Dataset items:
((
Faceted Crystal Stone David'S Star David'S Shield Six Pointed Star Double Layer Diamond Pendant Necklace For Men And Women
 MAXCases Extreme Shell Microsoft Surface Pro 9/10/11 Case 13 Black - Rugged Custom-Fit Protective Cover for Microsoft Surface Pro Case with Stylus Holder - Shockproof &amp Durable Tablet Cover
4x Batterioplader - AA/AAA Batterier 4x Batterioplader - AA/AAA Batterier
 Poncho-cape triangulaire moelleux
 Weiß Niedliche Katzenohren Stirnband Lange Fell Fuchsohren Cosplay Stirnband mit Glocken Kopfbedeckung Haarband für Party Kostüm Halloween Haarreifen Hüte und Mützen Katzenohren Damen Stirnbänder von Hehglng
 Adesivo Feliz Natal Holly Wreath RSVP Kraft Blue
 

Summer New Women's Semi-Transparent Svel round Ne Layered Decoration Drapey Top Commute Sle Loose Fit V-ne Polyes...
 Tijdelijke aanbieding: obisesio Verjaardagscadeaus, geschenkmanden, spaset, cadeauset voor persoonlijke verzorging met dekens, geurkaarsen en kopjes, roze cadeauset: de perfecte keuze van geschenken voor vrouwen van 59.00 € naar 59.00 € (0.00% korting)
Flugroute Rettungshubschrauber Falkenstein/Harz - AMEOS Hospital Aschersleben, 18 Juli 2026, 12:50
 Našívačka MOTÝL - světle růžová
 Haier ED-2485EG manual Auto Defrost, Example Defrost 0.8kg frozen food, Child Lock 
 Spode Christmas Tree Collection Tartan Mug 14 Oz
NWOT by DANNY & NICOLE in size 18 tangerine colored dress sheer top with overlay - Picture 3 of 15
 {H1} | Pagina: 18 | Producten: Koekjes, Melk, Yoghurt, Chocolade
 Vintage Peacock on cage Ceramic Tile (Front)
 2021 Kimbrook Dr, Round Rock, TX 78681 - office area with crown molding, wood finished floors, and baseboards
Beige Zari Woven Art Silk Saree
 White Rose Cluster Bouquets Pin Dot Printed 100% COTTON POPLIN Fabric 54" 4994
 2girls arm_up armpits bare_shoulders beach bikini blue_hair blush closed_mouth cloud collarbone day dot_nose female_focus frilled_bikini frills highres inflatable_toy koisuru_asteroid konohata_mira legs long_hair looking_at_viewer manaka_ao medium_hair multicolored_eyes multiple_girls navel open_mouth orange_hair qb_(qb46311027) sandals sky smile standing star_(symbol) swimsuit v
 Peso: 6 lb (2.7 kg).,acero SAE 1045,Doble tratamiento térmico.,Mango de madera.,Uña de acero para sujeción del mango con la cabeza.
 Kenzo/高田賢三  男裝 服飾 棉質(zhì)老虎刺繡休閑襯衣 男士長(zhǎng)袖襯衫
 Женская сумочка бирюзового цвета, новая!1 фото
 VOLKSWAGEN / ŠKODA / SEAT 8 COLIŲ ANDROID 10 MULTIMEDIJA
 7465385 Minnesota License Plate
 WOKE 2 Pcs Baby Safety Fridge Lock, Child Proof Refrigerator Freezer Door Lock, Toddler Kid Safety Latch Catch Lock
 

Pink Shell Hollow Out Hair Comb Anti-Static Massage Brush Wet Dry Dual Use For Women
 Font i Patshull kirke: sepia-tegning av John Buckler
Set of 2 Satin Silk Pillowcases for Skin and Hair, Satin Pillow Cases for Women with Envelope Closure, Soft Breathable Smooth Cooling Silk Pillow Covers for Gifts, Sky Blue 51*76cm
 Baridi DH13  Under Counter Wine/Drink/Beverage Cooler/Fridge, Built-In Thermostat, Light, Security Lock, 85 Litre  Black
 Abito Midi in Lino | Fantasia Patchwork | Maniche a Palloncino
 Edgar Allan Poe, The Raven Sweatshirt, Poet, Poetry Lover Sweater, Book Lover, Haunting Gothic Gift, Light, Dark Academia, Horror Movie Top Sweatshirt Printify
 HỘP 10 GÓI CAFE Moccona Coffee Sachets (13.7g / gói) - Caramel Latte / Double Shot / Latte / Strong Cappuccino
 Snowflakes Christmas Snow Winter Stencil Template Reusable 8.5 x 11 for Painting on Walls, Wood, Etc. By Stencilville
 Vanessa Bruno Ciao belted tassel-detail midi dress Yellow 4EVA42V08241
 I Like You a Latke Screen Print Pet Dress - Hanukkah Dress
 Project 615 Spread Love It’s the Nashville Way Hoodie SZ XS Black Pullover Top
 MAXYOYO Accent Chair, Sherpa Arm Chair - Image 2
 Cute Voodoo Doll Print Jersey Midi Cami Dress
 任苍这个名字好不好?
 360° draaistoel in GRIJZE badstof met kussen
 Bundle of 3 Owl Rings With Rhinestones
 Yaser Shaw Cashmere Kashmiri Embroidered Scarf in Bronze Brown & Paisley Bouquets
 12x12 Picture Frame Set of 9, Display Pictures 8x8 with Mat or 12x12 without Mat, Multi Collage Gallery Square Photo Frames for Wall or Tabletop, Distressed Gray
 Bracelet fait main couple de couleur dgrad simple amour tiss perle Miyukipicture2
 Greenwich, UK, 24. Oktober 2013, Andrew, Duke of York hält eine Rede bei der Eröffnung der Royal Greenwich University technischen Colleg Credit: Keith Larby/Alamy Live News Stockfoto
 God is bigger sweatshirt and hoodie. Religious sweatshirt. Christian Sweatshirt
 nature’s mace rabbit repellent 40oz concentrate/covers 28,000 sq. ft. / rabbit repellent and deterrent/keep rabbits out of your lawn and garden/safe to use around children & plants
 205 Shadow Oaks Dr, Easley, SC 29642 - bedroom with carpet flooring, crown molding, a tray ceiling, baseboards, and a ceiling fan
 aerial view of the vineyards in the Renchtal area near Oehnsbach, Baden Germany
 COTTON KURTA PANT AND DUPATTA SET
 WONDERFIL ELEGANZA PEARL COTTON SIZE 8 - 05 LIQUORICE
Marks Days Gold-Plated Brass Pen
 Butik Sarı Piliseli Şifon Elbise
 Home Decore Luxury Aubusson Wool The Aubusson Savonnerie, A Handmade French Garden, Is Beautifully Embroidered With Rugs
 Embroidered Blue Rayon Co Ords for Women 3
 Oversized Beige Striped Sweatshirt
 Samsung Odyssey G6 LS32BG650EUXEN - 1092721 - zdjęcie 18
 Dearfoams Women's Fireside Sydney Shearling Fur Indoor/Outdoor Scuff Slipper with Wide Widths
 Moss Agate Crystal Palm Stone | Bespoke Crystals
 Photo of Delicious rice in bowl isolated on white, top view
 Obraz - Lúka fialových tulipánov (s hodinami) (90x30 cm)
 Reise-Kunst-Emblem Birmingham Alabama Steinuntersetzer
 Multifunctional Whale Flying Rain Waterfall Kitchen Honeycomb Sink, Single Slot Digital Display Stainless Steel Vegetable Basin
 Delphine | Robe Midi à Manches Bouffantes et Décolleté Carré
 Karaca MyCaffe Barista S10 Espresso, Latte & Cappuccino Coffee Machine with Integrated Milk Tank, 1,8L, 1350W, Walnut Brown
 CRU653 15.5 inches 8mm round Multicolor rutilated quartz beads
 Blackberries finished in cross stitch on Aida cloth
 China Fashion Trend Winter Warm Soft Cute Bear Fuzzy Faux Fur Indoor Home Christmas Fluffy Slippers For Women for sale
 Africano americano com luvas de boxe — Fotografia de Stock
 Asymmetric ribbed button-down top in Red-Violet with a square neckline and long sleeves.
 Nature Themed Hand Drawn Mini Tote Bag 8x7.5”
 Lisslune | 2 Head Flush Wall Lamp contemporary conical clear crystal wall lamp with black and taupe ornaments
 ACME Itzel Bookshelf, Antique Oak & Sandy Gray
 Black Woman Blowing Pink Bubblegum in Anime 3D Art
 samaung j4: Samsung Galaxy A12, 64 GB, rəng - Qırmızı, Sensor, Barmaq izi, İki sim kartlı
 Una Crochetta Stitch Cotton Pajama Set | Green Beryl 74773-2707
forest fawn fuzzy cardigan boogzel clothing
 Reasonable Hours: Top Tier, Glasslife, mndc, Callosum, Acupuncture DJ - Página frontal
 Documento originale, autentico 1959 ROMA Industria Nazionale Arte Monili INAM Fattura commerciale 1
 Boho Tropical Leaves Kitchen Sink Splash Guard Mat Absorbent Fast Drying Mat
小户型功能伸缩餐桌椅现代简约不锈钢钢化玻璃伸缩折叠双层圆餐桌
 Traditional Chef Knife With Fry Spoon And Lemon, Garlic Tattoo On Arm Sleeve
))
PROBLEM DESCRIPTION: Restate word for word only the lines above from the line containing "2021 Kimbrook Dr, Round" to the line containing "White Rose Cluster", both of them included.

RESPONSE AREA:
 2021 Kimbrook Dr, Round Rock, TX 78681 - office area with crown molding, wood finished floors, and baseboards
Beige Zari Woven Art Silk Saree
 White Rose Cluster Bouquets Pin Dot Printed 100% COTTON POPLIN Fabric 54" 4994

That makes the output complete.